--- TASK GOAL ---
Print the listing below word for word, but drop any pictures it contains.

--- TASK INPUTS ---
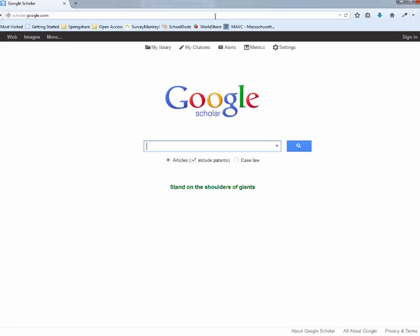It searches other databases that we might not have access to, so you have ways to find articles that you might not otherwise find. And it also connects to our library resources so that you might find articles from our databases through Google Scholar in a way that you might not otherwise, just because it searches terms and uses different words just like any other database.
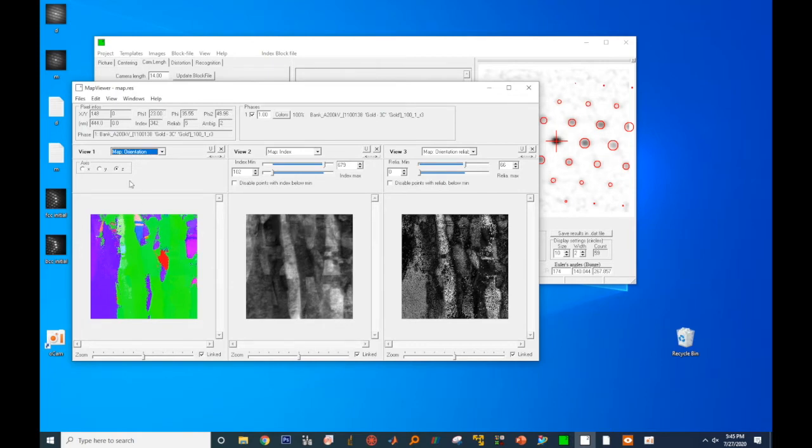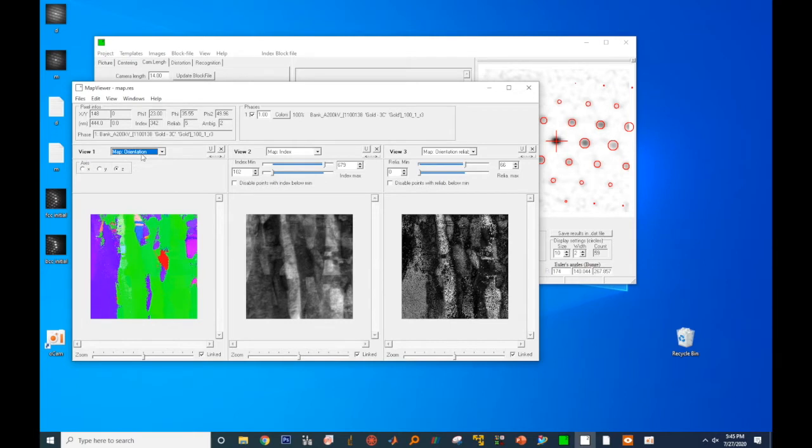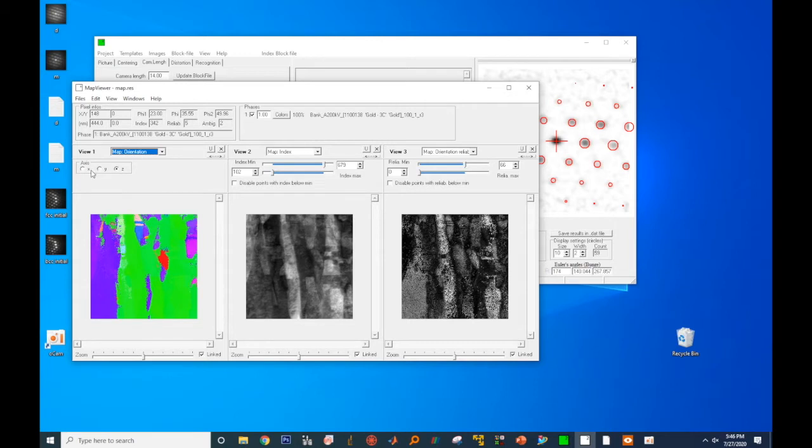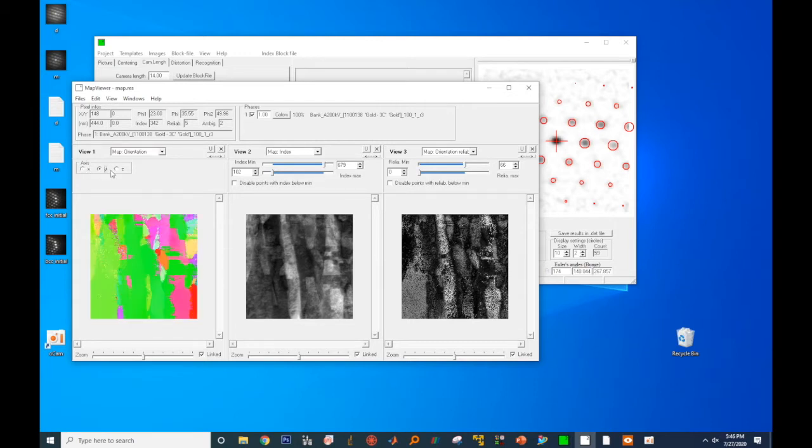In the first viewing window, it is an orientation map. Right now, the Z tab is selected, so we're viewing the orientation map along the Z axis. It is the out-of-plane orientation map. You can also click on the X and Y viewing axis to get the in-plane orientation maps.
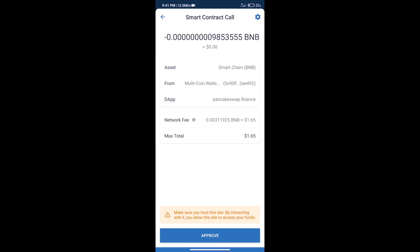After that, we will click on Approve, and finally we will get this token successfully. So guys, I have only shared the technical process, not financial advice. Invest in cryptocurrency at your own risk. Thanks for watching.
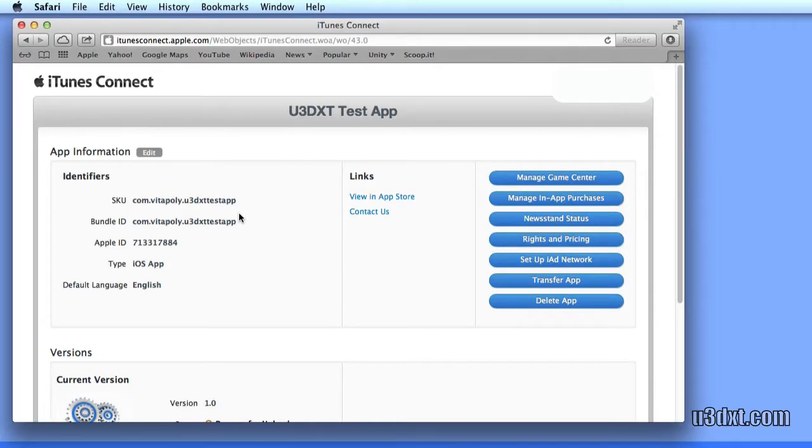This is a tutorial on how to set up in-app purchases using the U3DXT plugin. Let's get started.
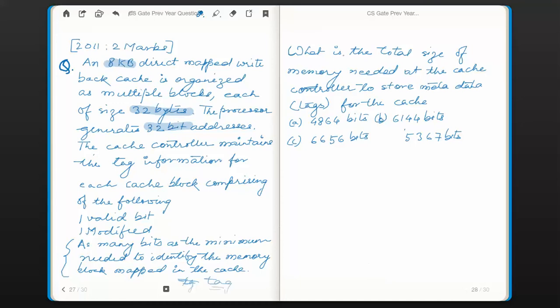The question is: what is the total size of memory needed at the cache controller to store metadata tags for the cache? We need to find the total size of metadata, which comprises one valid bit, one modified bit, and tag bits for each cache block. The first step is to find out the size of the tag field maintained at each cache block.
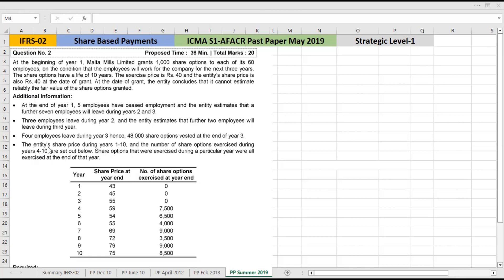The share price during year 1 to 10, and the number of share options exercised during year 4. The share options that were exercised during a particular year were all exercised at the end of that year.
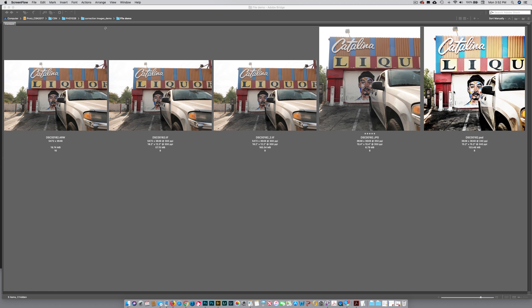The reason I'm showing you this is because I want to show you that the raw file—mine is an ARW, it was shot with a Sony camera, yours might be a CR2 or an NEF—we already talked about this in an earlier video.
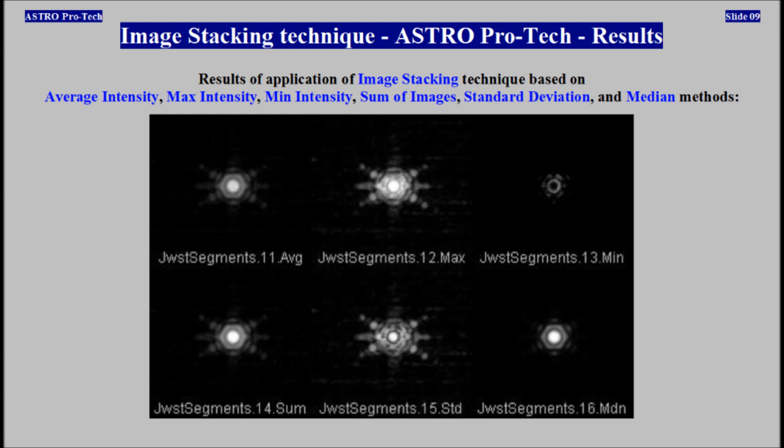Results of application of image stacking technique based on average intensity, max intensity, minimum intensity, sum of images, standard deviation, and median methods.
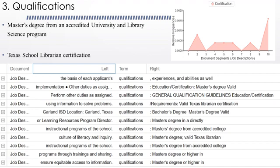Almost all of the job descriptions specifically cited the master's degree, one cited an MLS preferred, and all of them asked for a school librarian certification.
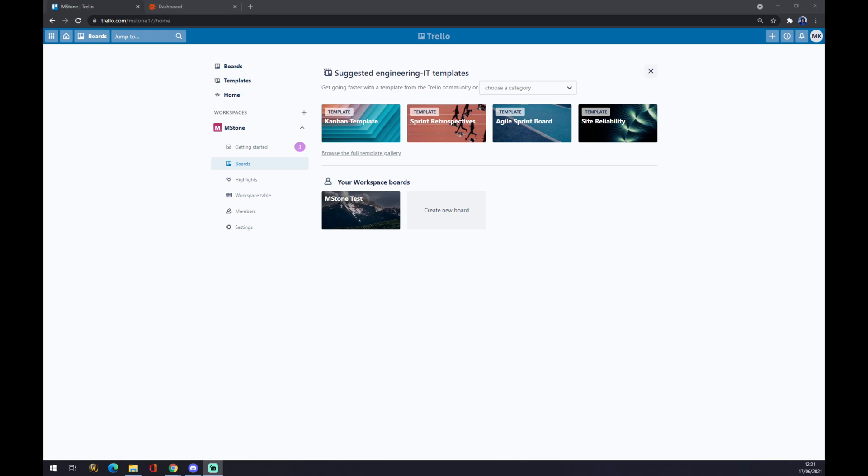Hello guys, my name is Matthew, and in today's video I'm going to show you how you can integrate Trello with Microsoft Excel. First of all, we have to create ourselves an account at trello.com and preferably also a board.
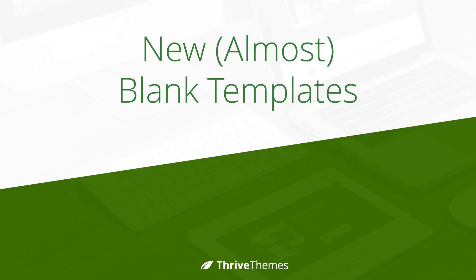I hope you'll enjoy this and let me know what you think by leaving a comment below. I'm Shane from Thrive Themes and I'll catch you in the next one.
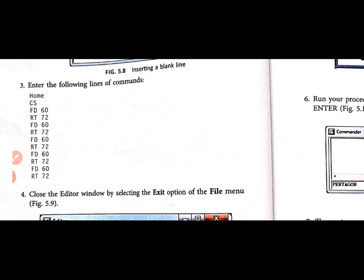Enter the commands and the whole command is written — right pentagon. 'fd 60' means forward 60, which is 60 steps further. 'rt 72' means right turn of the turtle by 72 steps. This one turn will go to the next line and the shape will form.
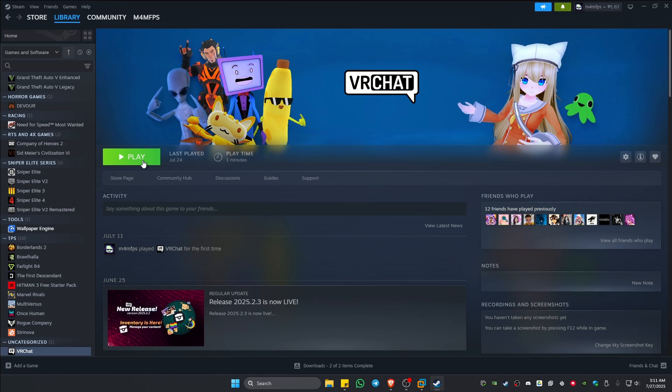Wait for the process to finish, and once done, you can now go ahead and hit on Play and enjoy the game. Well, I hope this video helps and I'll see you in the next one.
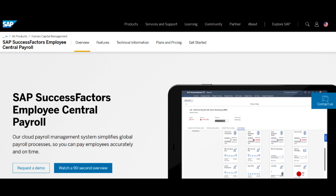Its notable strength lies in the platform's integration within the broader SuccessFactors ecosystem, providing a seamless connection between recruitment and other HR functions.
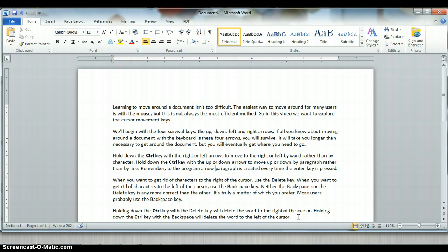You definitely want to learn how to use the control key in conjunction with the four arrow keys. So control left arrow, notice is moving you by words rather than by characters, and control right arrow is moving you to the right by words rather than by characters. Control up arrow moves you up through your document by paragraphs, and control down arrow moves you down through your document by paragraphs.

--- EXPECTED ANSWER ---
It searches other databases that we might not have access to, so you have ways to find articles that you might not otherwise find. And it also connects to our library resources so that you might find articles from our databases through Google Scholar in a way that you might not otherwise, just because it searches terms and uses different words just like any other database.
In the first viewing window, it is an orientation map. Right now, the Z tab is selected, so we're viewing the orientation map along the Z axis. It is the out-of-plane orientation map. You can also click on the X and Y viewing axis to get the in-plane orientation maps.
After that, we will click on Approve, and finally we will get this token successfully. So guys, I have only shared the technical process, not financial advice. Invest in cryptocurrency at your own risk. Thanks for watching.
This is a tutorial on how to set up in-app purchases using the U3DXT plugin. Let's get started.
The question is: what is the total size of memory needed at the cache controller to store metadata tags for the cache? We need to find the total size of metadata, which comprises one valid bit, one modified bit, and tag bits for each cache block. The first step is to find out the size of the tag field maintained at each cache block.
The share price during year 1 to 10, and the number of share options exercised during year 4. The share options that were exercised during a particular year were all exercised at the end of that year.
The reason I'm showing you this is because I want to show you that the raw file—mine is an ARW, it was shot with a Sony camera, yours might be a CR2 or an NEF—we already talked about this in an earlier video.
Results of application of image stacking technique based on average intensity, max intensity, minimum intensity, sum of images, standard deviation, and median methods.
Almost all of the job descriptions specifically cited the master's degree, one cited an MLS preferred, and all of them asked for a school librarian certification.
Hello guys, my name is Matthew, and in today's video I'm going to show you how you can integrate Trello with Microsoft Excel. First of all, we have to create ourselves an account at trello.com and preferably also a board.
I hope you'll enjoy this and let me know what you think by leaving a comment below. I'm Shane from Thrive Themes and I'll catch you in the next one.
Enter the commands and the whole command is written — right pentagon. 'fd 60' means forward 60, which is 60 steps further. 'rt 72' means right turn of the turtle by 72 steps. This one turn will go to the next line and the shape will form.
Wait for the process to finish, and once done, you can now go ahead and hit on Play and enjoy the game. Well, I hope this video helps and I'll see you in the next one.
Its notable strength lies in the platform's integration within the broader SuccessFactors ecosystem, providing a seamless connection between recruitment and other HR functions.
You definitely want to learn how to use the control key in conjunction with the four arrow keys. So control left arrow, notice is moving you by words rather than by characters, and control right arrow is moving you to the right by words rather than by characters. Control up arrow moves you up through your document by paragraphs, and control down arrow moves you down through your document by paragraphs.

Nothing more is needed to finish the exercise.